Member of the Chamber of Representatives
- Incumbent
- Assumed office 26 May 2019

Personal details
- Born: Wouter Vermeersch 8 November 1984 (age 40) Courtrai, Belgium
- Political party: LDD (Before 2017) Vlaams Belang (2017–present)
- Alma mater: University of Antwerp

= Wouter Vermeersch =

Belgian-Flemish politician

Wouter Vermeersch (born 8 November, 1984, Courtrai) is a Belgian politician from Flanders for the Vlaams Belang party and a member of the Chamber of Representatives.

==Biography==
Vermeersch studied a degree in engineering at the University of Antwerp.

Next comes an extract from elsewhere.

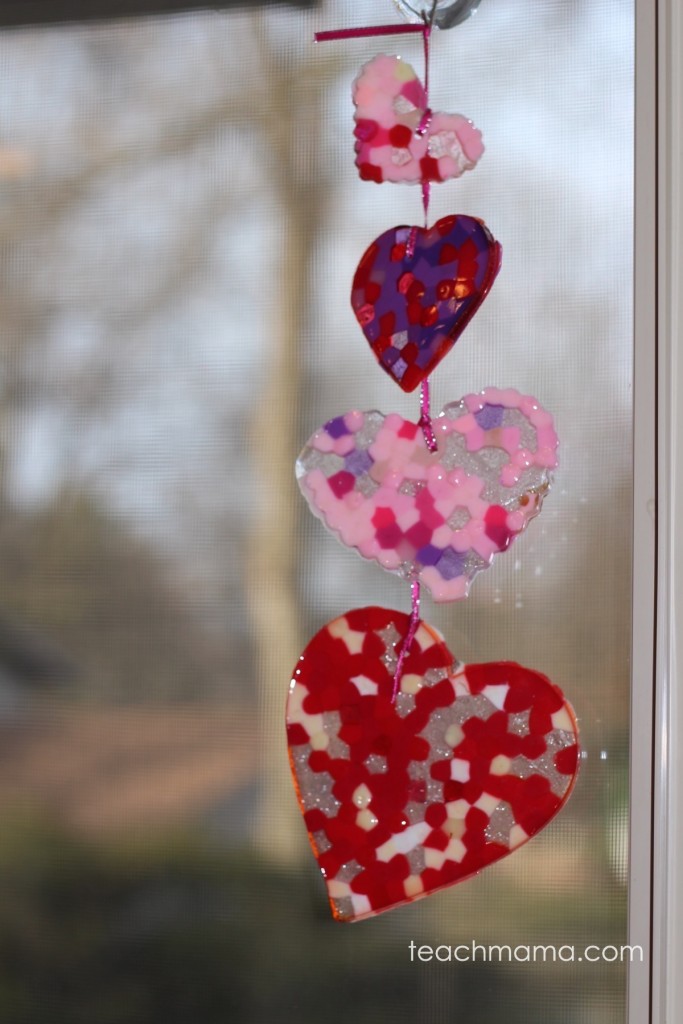 melted bead suncatcher  the artful year  teachmama.com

He worked as an auditor for Deloitte and then as a professional manager of companies specializing in green energy

He first became involved in politics when he joined the LDD party led by Jean-Marie Dedecker and helped to set up the LDD's youth wing JongLibertairen. During the 2007 Belgian regional elections he stood as a candidate for the LDD in the Flemish Parliament but was not elected. In 2017 Vermeersch left LDD and became an adviser to the Europe of Nations and Freedom group in the European Parliament and subsequently joined Vlaams Belang. Since January 2019, he has been a councilor in Courtrai where he is also the leader of the VB's local chapter. In the federal elections in May 2019, Vermeersch was elected to the Chamber of Representatives and headed the VB's list for the West Flanders constituency.